### Records from a dataset:
_ _ _ _ _
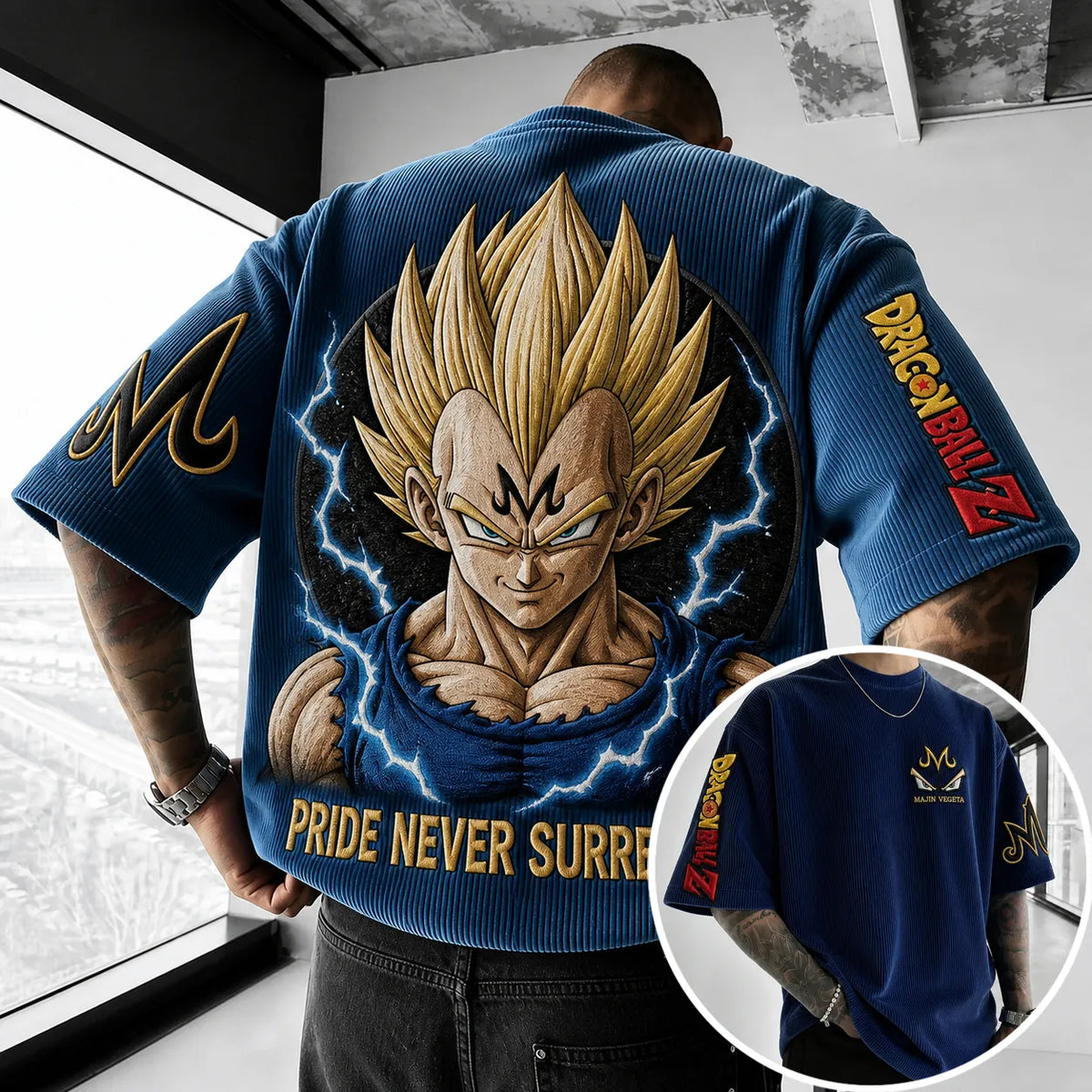 Dragon Ball Unisex Short-Sleeve Corduroy T-Shirt With Anime Print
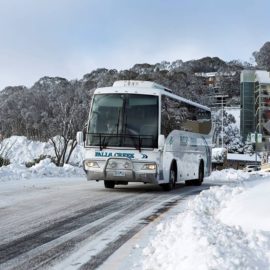 Bus in the snow at Falls Creek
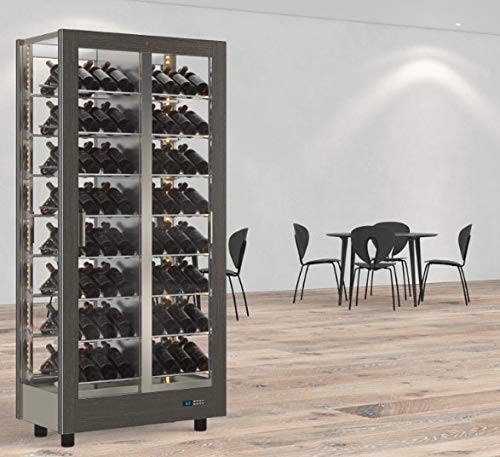 Dafne Italian Design Teca vino, struttura alluminio, bande magnetiche per applicazione cover, vetrina,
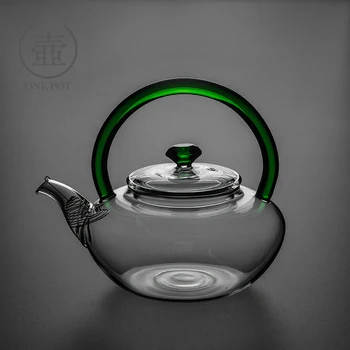 

Tea making pot glass handle thickened high temperature resistant black tea kung fu tea set flower teapot household filter set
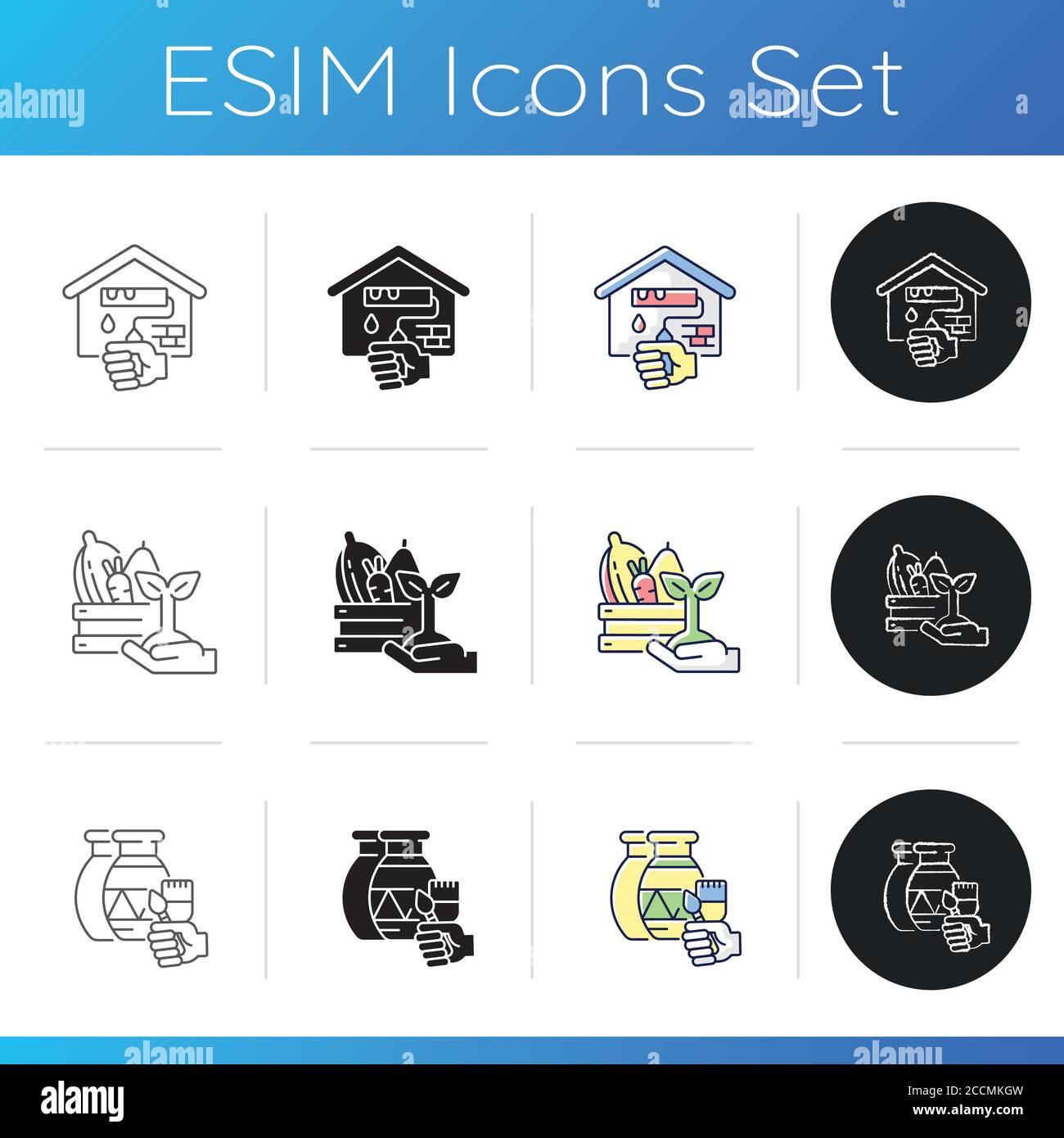 DIY project icons set Stock Vector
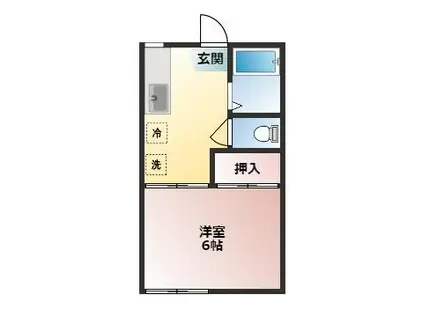 アシュール・レイ(1K/1階)の間取り写真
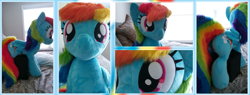 Size: 7000x2662 | Tagged: safe, artist:joltage, derpibooru import, rainbow dash, pegasus, pony, irl, life size, photo, plushie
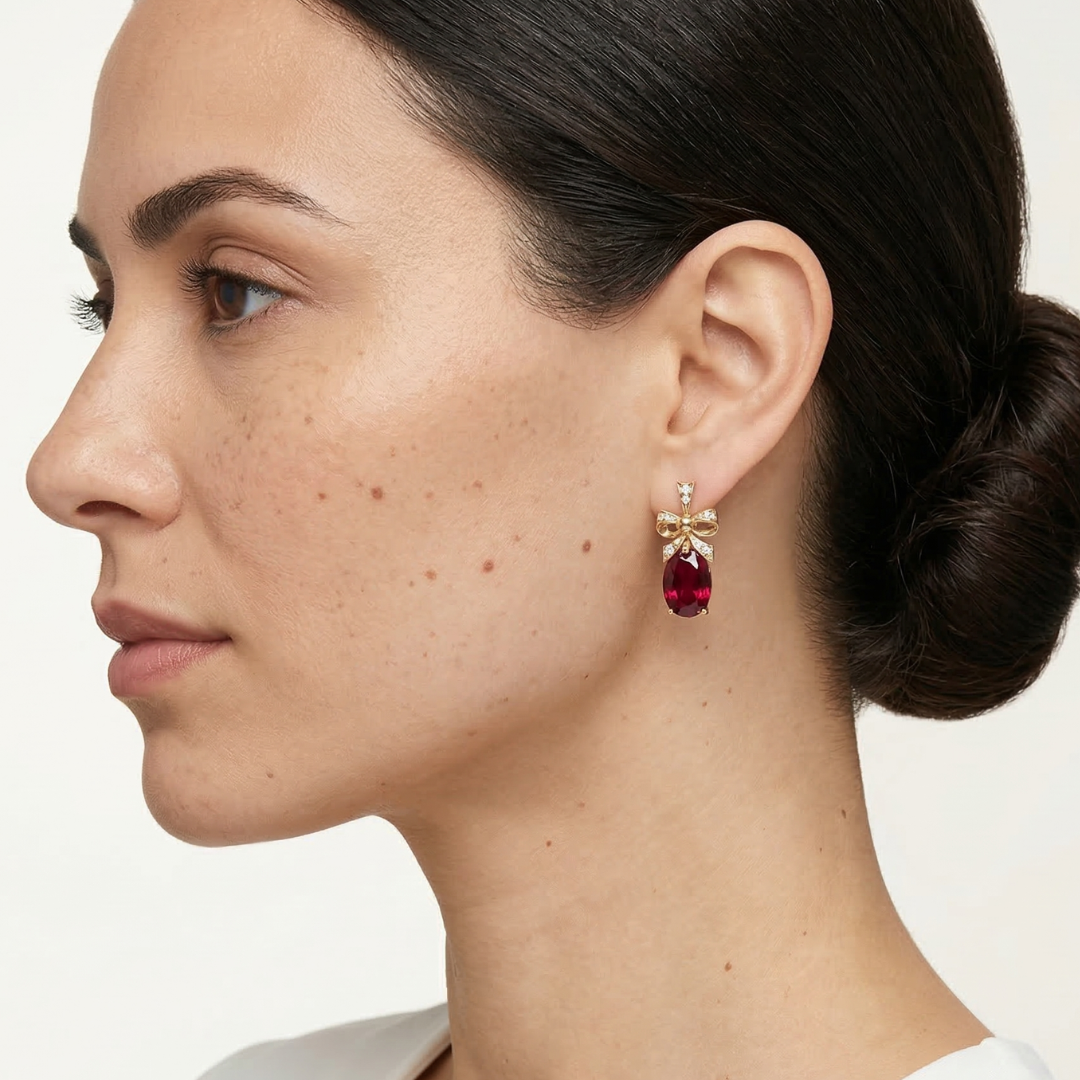 Elegant 18k Gold Vermeil Ruby Earrings with Oval Created Red Ruby, perfect for birthdays and special occasions.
_ _ _ _ _
### Activity:
Make an exact copy of the lines of the records from the line containing "Size: 7000x2662 |" through the final line, both ends included, but not of the pictures.

### Response to the task:
 Size: 7000x2662 | Tagged: safe, artist:joltage, derpibooru import, rainbow dash, pegasus, pony, irl, life size, photo, plushie
 Elegant 18k Gold Vermeil Ruby Earrings with Oval Created Red Ruby, perfect for birthdays and special occasions.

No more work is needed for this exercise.